Why Trying to Outperform Your Feelings Doesn’t Work

If you're a high achiever or a perfectionist, chances are you've gotten really good at performing. Performing under pressure, performing for approval (I'm looking at you, fellow people-pleasers), performing to avoid conflict, chaos, or—God forbid—failure. You’ve probably also gotten really good at pushing through hard things, “powering through” discomfort, and telling yourself that feelings can be pushed down and are something to deal with later.

Here’s the problem: feelings don’t wait.
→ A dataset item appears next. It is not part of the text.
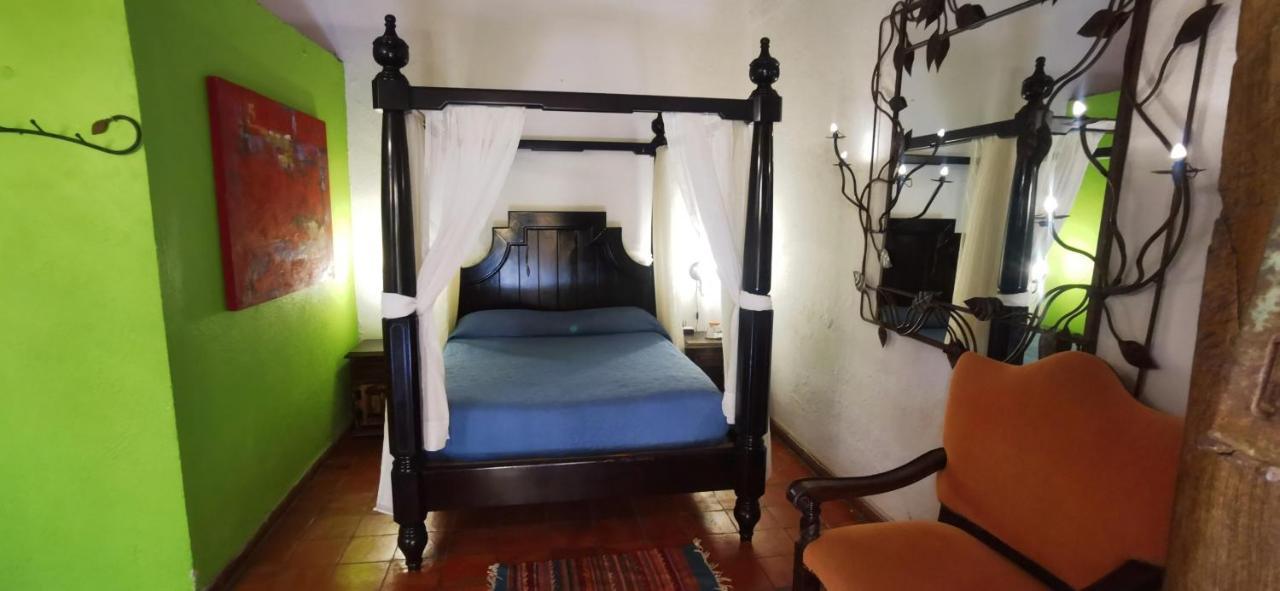Hotel Rosa Morada Tlaquepaque Dış mekan fotoğraf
And trying to outperform them only works for so long.

Let’s break down why high performers try to outrun their feelings, how it works—until it doesn’t—and what’s underneath this emotional avoidance that eventually leads to burnout, resentment, and emotional disconnection.
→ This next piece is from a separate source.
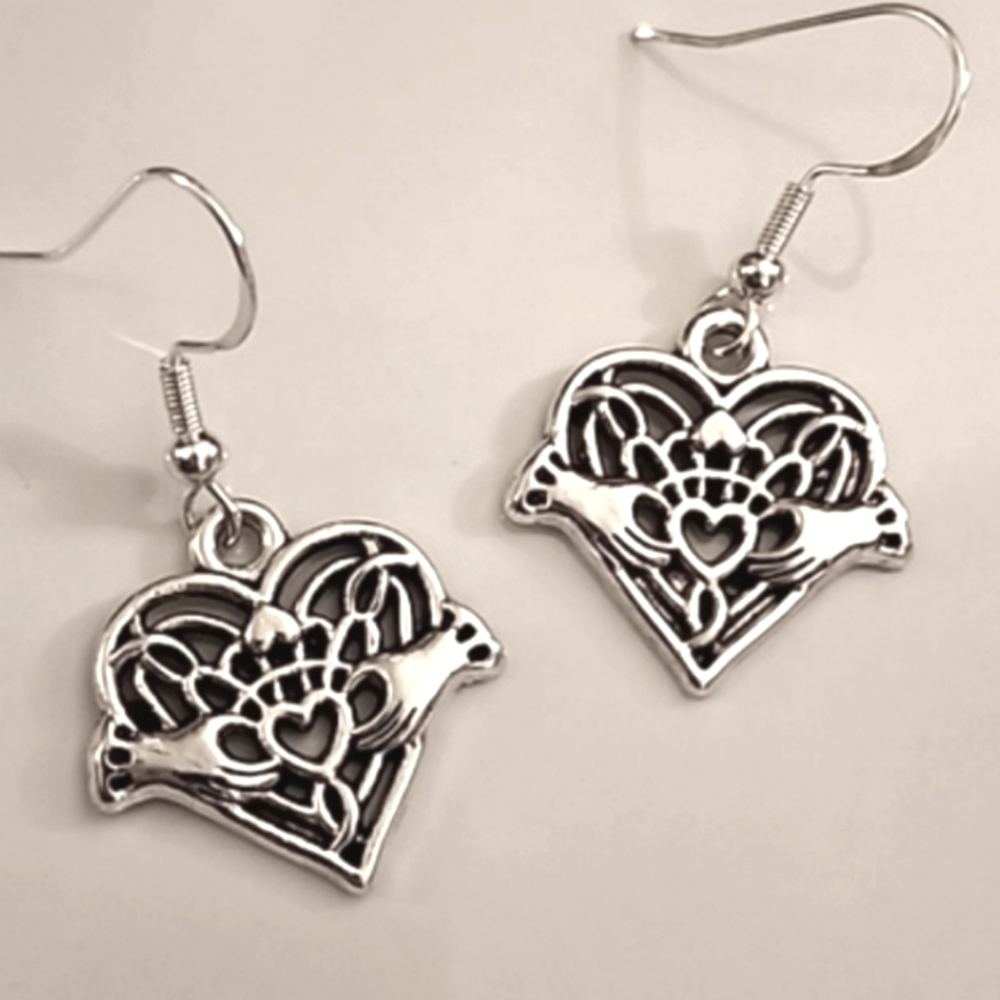 CLADDAGH  Heart Earrings 925S Post ZINC ALLOY charms Irish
High Achievers Are Masters at Avoiding Emotion

High achievers are often praised for their ability to "keep it together"—to be efficient, focused, and results-driven even in stressful circumstances. What no one sees is what’s happening internally: the constant calculating of how to be okay without having to feel things that are uncomfortable. You probably learned early that performing well earned you safety, connection, or at least some distance from emotional chaos. Maybe you had a parent who flew off the handle or another who collapsed under stress. So you became the fixer, the responsible one, the “good” kid. The one who takes care of others. The "old soul". Over time, this becomes your identity: the one who can hold it all together. You’ve built your life, and probably a good deal of success, on that ability. So it makes sense that you’d try to apply that same strategy to your emotional life. You think, if I can just do better, achieve more, or control more, I won’t have to feel this. And it actually works... for a little while.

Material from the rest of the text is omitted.